* Required action: Dropping every picture, set down exactly the lines in the entries below, starting with the line with "Santana im Herbst" and going on through the line with "Natural Selection - MP _14173".

* Dataset content:
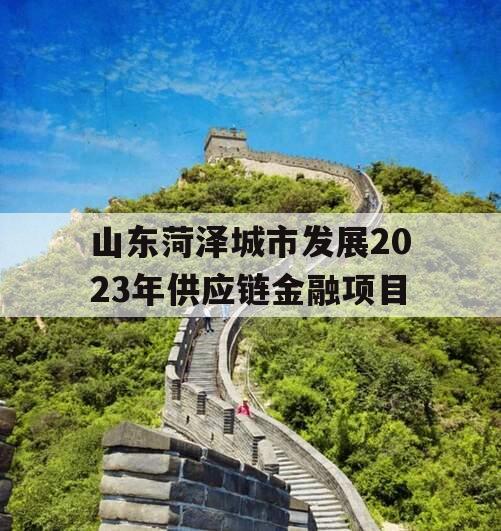 山东菏泽城市发展2023年供应链金融项目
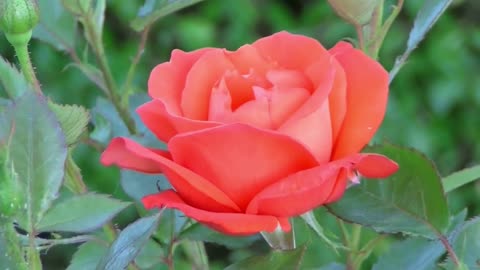 Blooming Of A Beautiful Pink Rose Flower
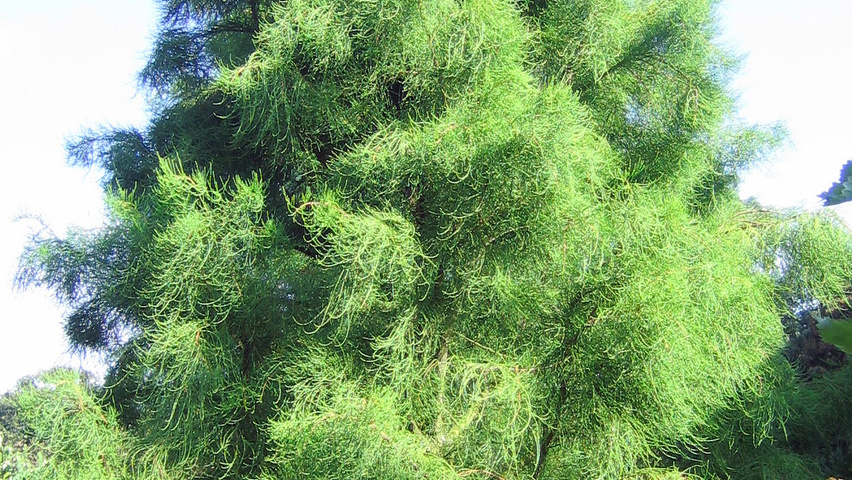 Taxodium distichum 'Nutans' blad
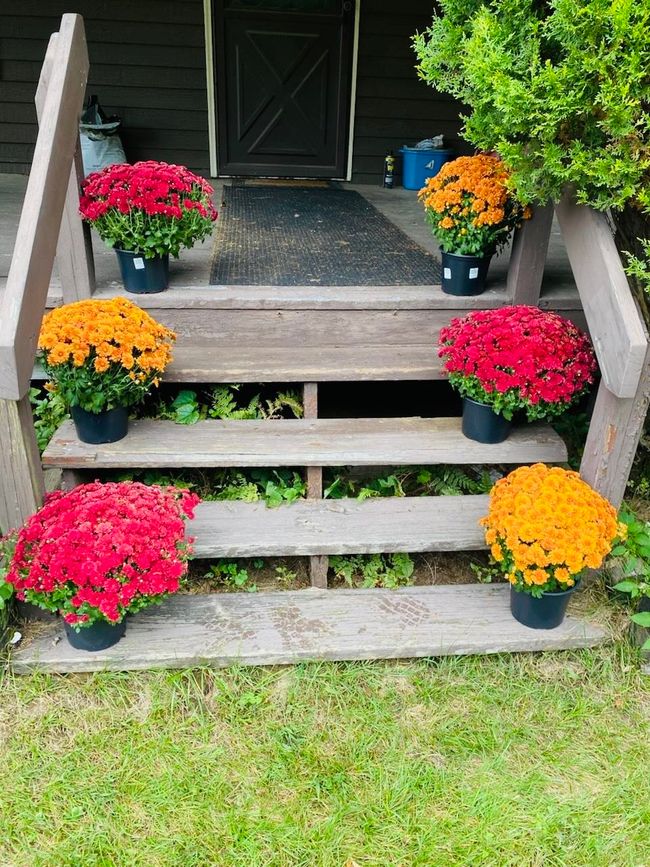 112 Breezy Acres Dr, House other with 4 bedrooms, 2 bathrooms and null parking in Vernon VT | Image 46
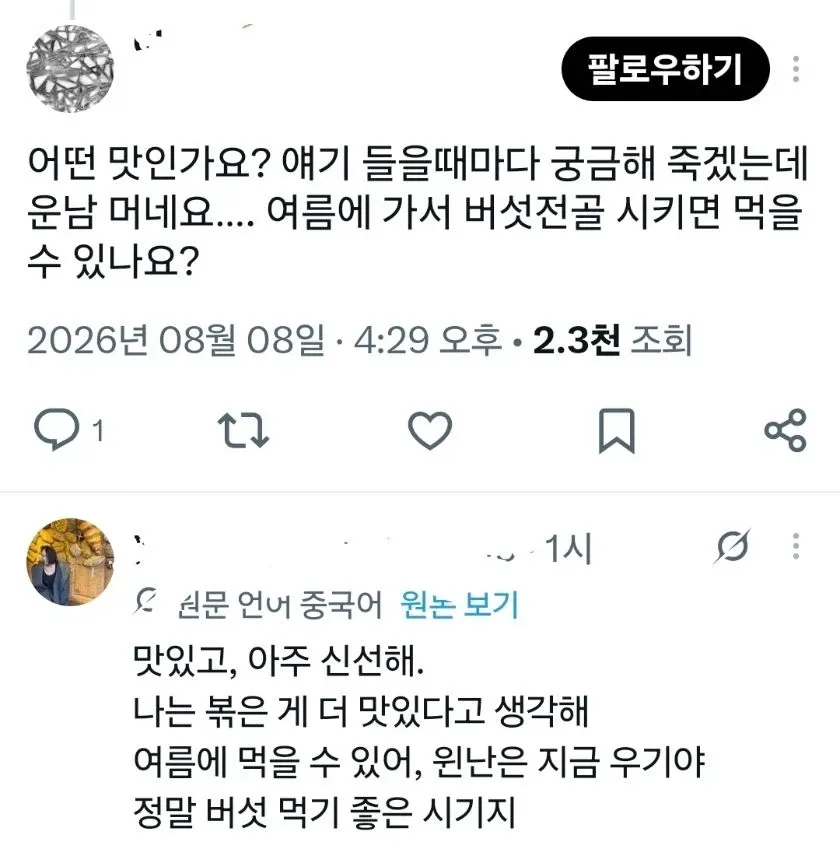 덜 익었을때 먹으면 큰일난다는 버섯 🍄‍🟫 (2/4)
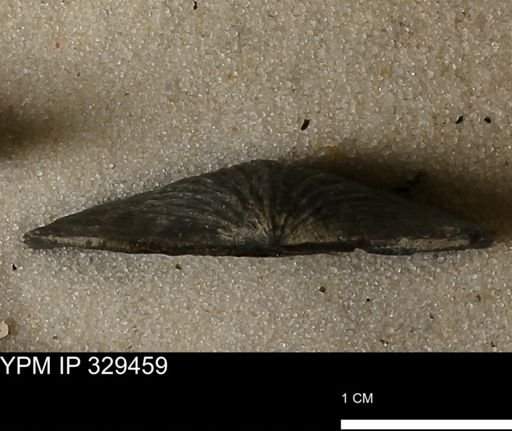 Stropheodonta demissa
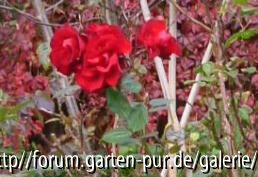 Santana im Herbst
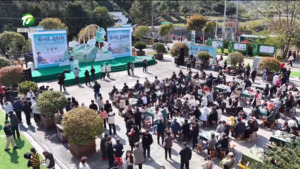 第十八届黄山毛峰新品推广季暨富溪(洽舍、杨村)小产区茶开园仪式在徽州区举行 第十八届黄山毛峰新品推广季暨富溪(洽舍、杨村)小产区茶开园仪式在徽州区举行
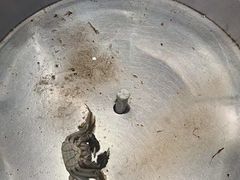 -欢乐牧场海鲜烤肉自助(牡丹园店)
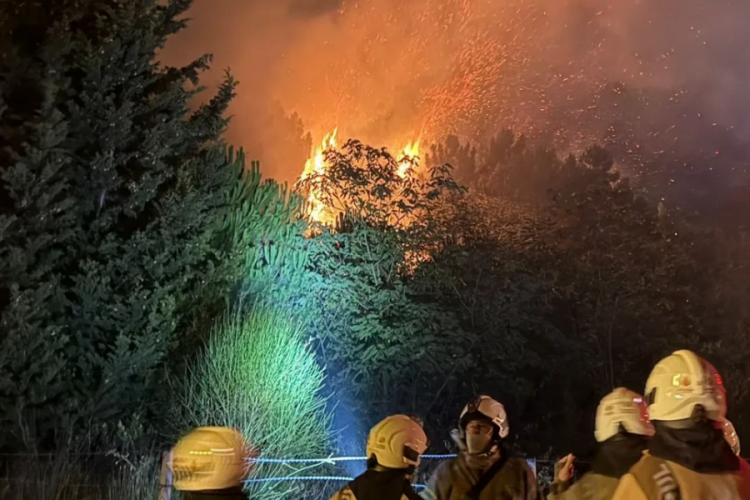 İstanbul'da orman yangını: Bir anda alevler yükseldi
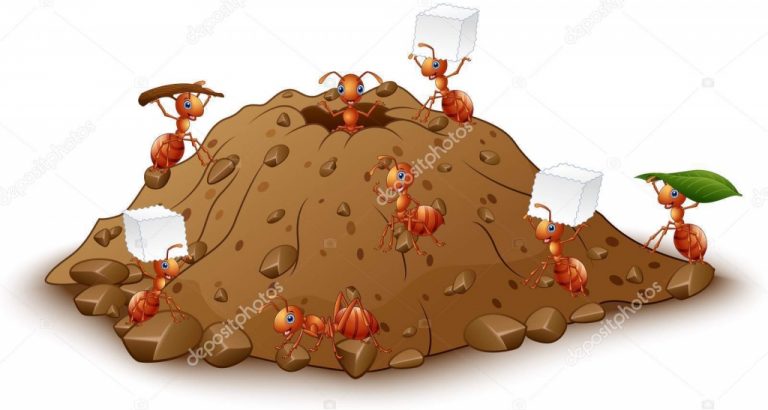 ants-colony-with-anthill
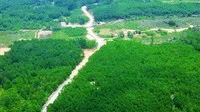 Một khu vực đất trồng rừng tại thôn Thủy Dương, xã Lộc Tiến (nơi Công ty TNHH Lộc Lợi khai thác đất trái phép). Ảnh: L.N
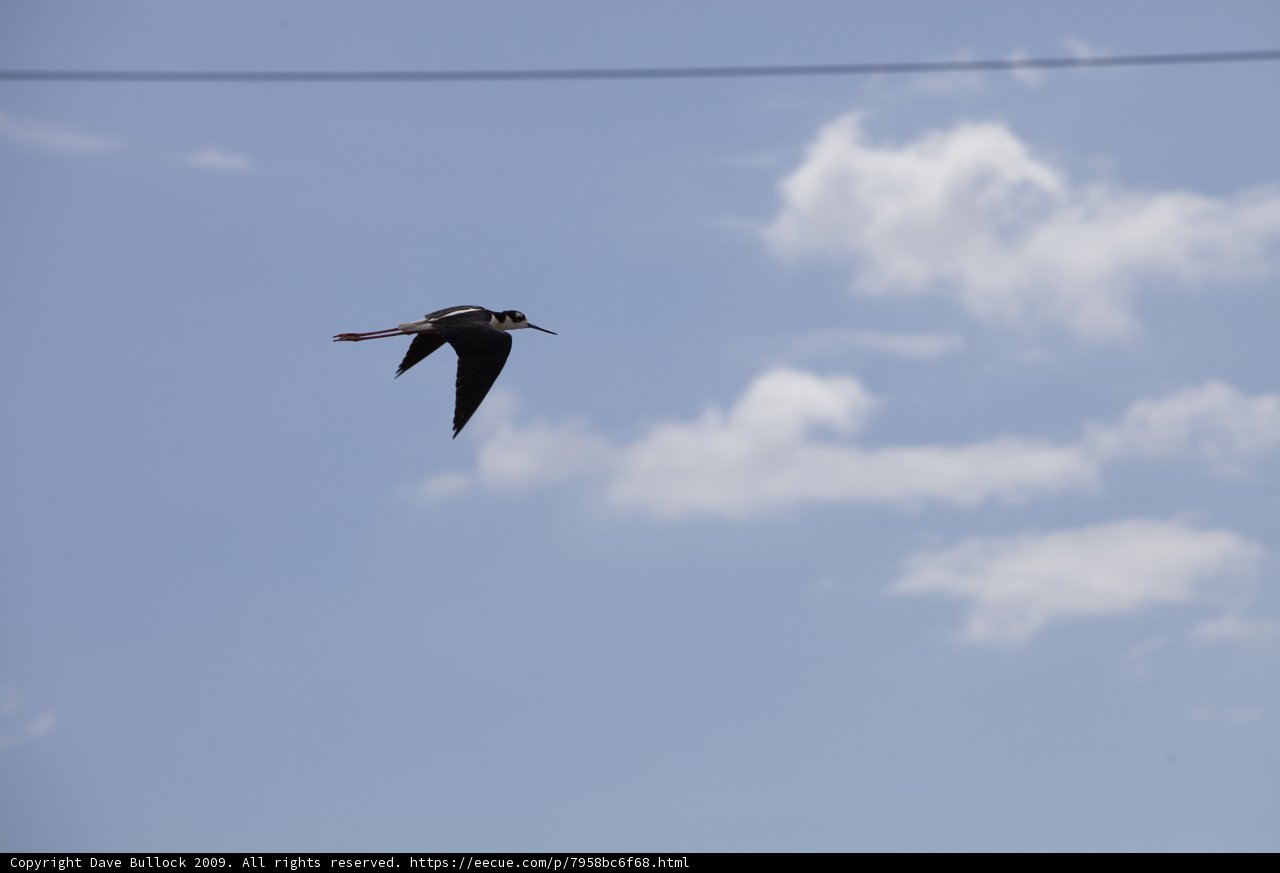 Flight of the Black-necked Stilt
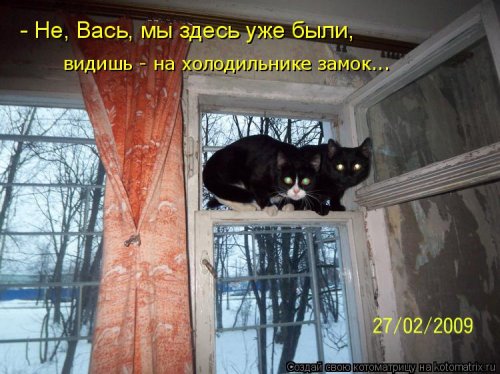 Новая котоматрица на Бугаге (31 фото)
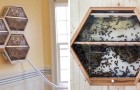 Questa azienda permette d'installare delle arnie in salotto e guardare le api salvare il mondo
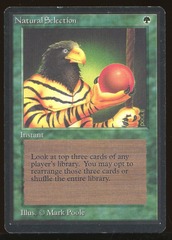 Natural Selection - MP _14173
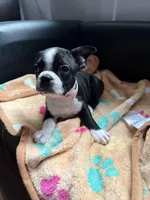 Gritona, a female Boston Terrier for sale in Auburn, WA – Photo 1 of 3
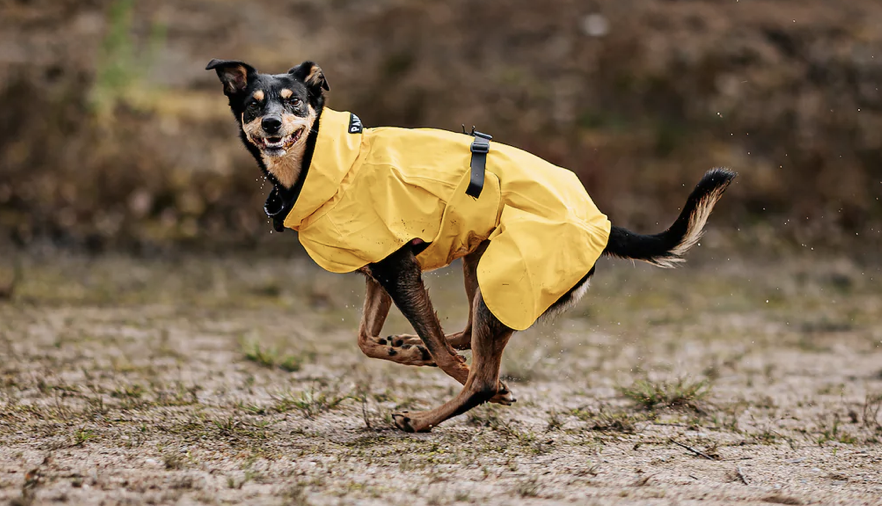 Co dělá vašeho psa šťastným?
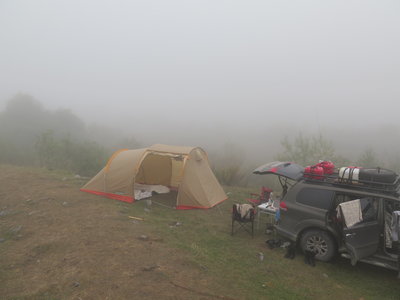 IMG_3019.jpg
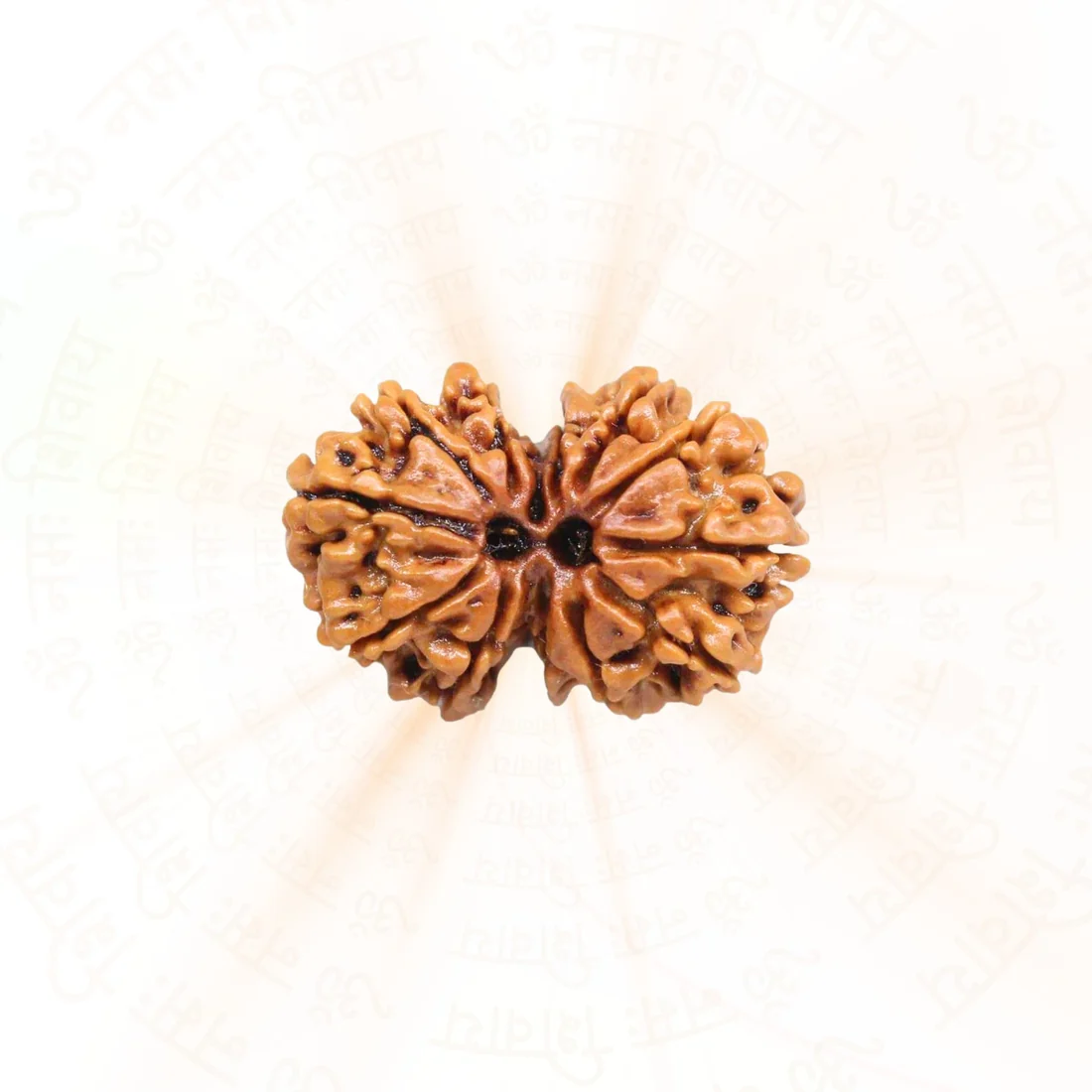 Gauri Shankar Rudraksha | Nepali | Unity and Love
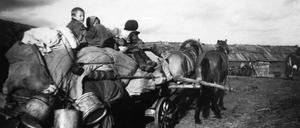 Eine Familie sitzt auf einem Pferdekarren, der mit Gepäck beladen ist.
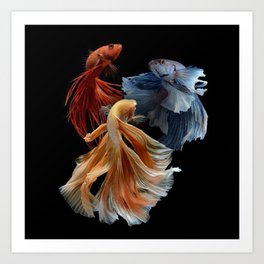 BEAUTIFUL BETA FISH Art Print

* Answer section:
 Santana im Herbst
 第十八届黄山毛峰新品推广季暨富溪(洽舍、杨村)小产区茶开园仪式在徽州区举行 第十八届黄山毛峰新品推广季暨富溪(洽舍、杨村)小产区茶开园仪式在徽州区举行
 -欢乐牧场海鲜烤肉自助(牡丹园店)
 İstanbul'da orman yangını: Bir anda alevler yükseldi
 ants-colony-with-anthill
 Một khu vực đất trồng rừng tại thôn Thủy Dương, xã Lộc Tiến (nơi Công ty TNHH Lộc Lợi khai thác đất trái phép). Ảnh: L.N
 Flight of the Black-necked Stilt
 Новая котоматрица на Бугаге (31 фото)
 Questa azienda permette d'installare delle arnie in salotto e guardare le api salvare il mondo
 Natural Selection - MP _14173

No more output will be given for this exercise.